Tekst: Ondřej Prokop
Sport, relaks, ale także strategia. Wszystko w jednym miejscu. Nawet takimi hasłami można by w prosty sposób przedstawić naszą ligę. Dlatego cieszę się, że grono uczestników tegorocznej FINIDR korporacyjnej ligi badmintona i kręgli powiększyło się o nowe twarze. Czy jesteś wśród nich?
W każde środowe popołudnie centrum Activity4Fun ożywa. Od połowy stycznia rusza tu kolejny sezon naszej ligi korporacyjnej FINIDR.
To nie tylko rozgrywki sportowe, ale także atmosfera łącząca luźny nastrój, przyjaźń i zdrową rywalizację. Nie trzeba się niczym martwić.
Kiedy mówisz liga firmowa, możesz myśleć…
„Nie idę tam, tylko dobrzy tam idą! Ledwo mogę tam trafić. Co ja tam będę robił? Kręgle? Chyba tylko w lidze dziecięcej – jestem mistrzem rynny.!“ … niepotrzebnie!
Co sprawia, że liga jest wyjątkowa?
Prawdopodobnie po prostu przełamując te „uprzedzenia”. Nie bijemy się, każdy gra tak, jak umie. I to prawda – jaką ligę stworzymy, taką będziemy mieli. Nie chodzi o jednostki, chodzi o nas, w tym przypadku o kolektyw sportowy Finidraków. I jak na razie działa to świetnie!
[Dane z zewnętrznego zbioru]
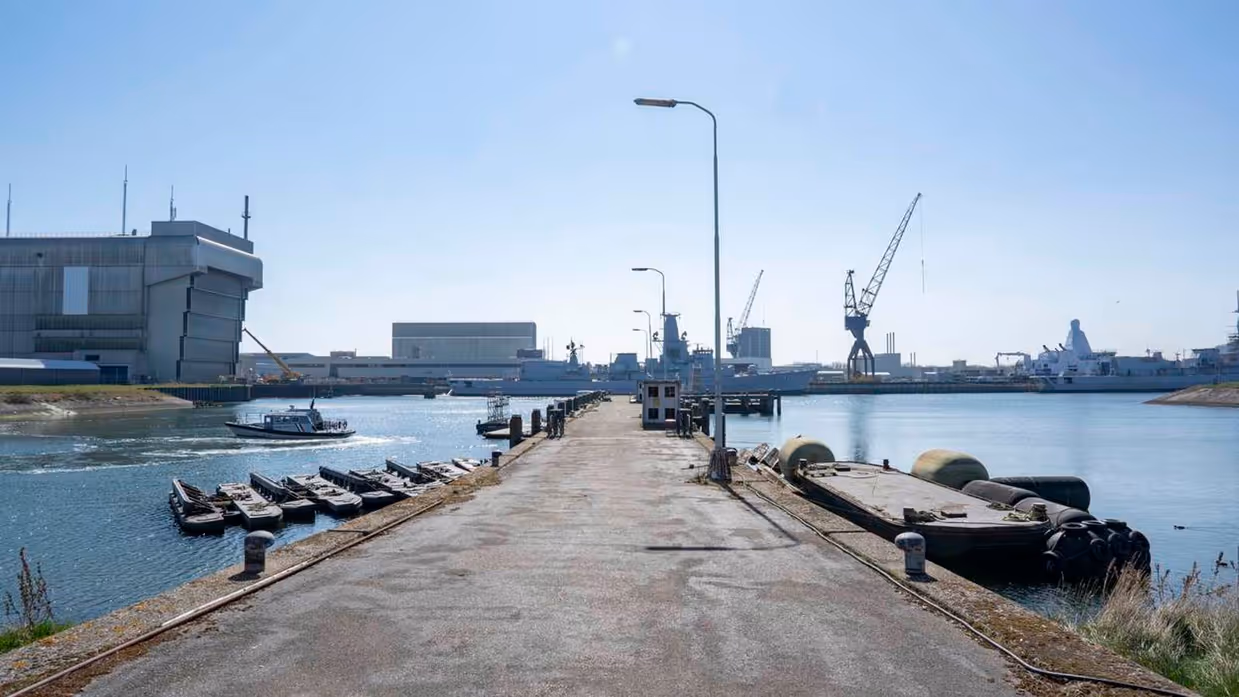 Een foto van de Berghaven anno 2025.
Bardziej doświadczeni gracze również chętnie udzielą ci rad i wskazówek. O to właśnie chodzi. Nie chodzi o trofeum na końcu (oczywiście, to miły bonus), ale o stawanie się lepszym i obserwowanie postępów na końcu.
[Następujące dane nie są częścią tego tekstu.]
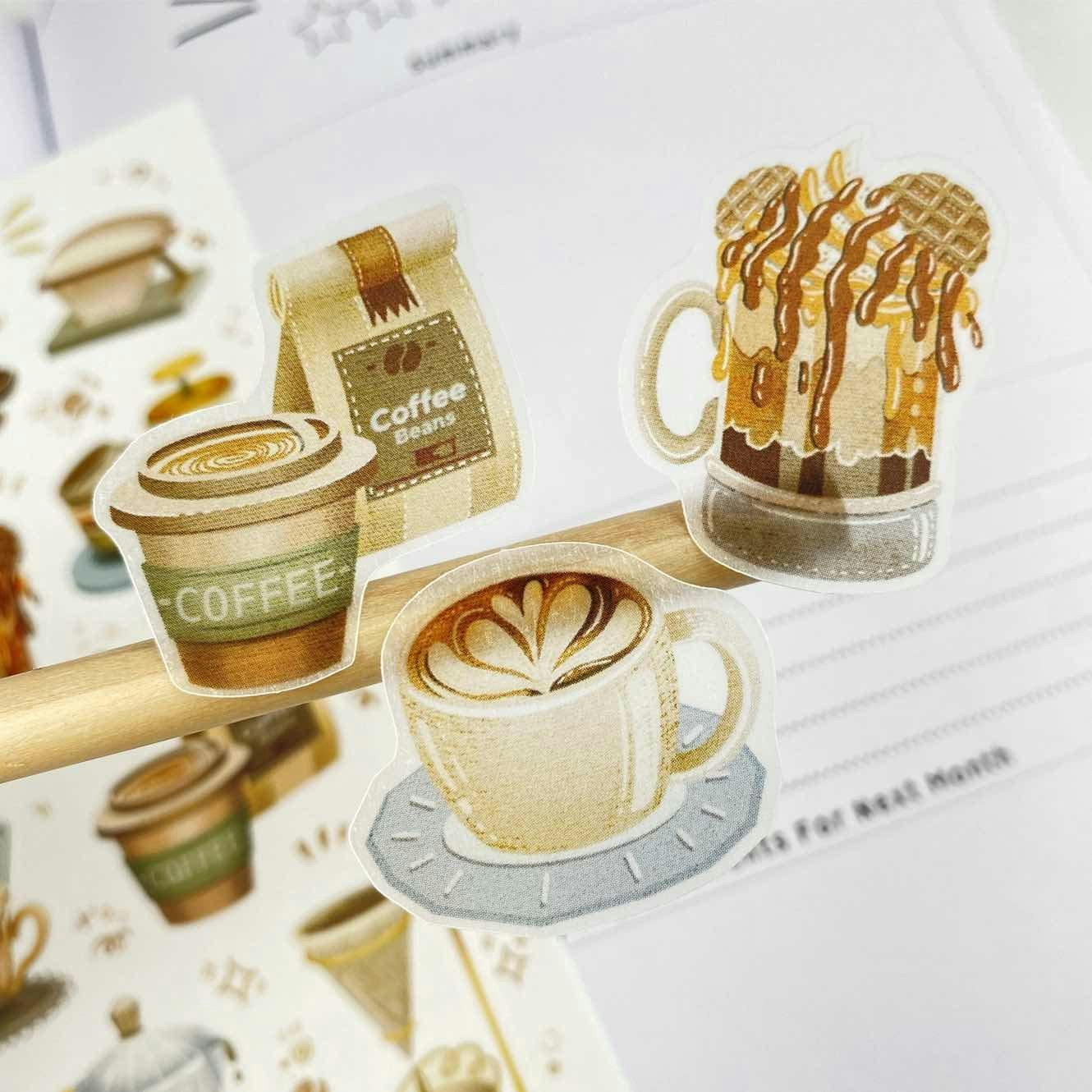 Stickers Lettoon - Coffee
Nasza liga firmowa jest otwarta dla wszystkich, ale bez obowiązku regularnego uczestnictwa. Zapisanie się nie oznacza, że musisz przychodzić za każdym razem. Rozumiemy, że rodzina, kluby, zobowiązania zawodowe i zmiany mogą wpływać na czas wolny. Dlatego nie ma nic złego w tym, że dołączasz tylko od czasu do czasu – liczy się każdy udział!
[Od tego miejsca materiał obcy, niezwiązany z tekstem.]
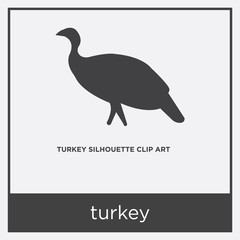 Obraz premium turkey icon isolated on white background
Nie ma znaczenia, czy chcesz zmierzyć swoje siły z kolegami, czy po prostu aktywnie zrelaksować się po dniu pracy. Najważniejsze to cieszyć się ruchem i dobrą atmosferą. Przyjdź, kiedy tylko masz na to ochotę – chętnie Cię zobaczymy!
A co dalej?
Pod koniec marca odbędą się ostatnie terminy gier i rozgrywki zostaną zakończone w tym roku. Tegorocznych mistrzów i medalistów przedstawimy w kolejnym wydaniu magazynu.
Na zakończenie pozostaje tylko podziękować wszystkim, którzy zgłosili się do tegorocznych rozgrywek. Bez Was nie byłoby ligi!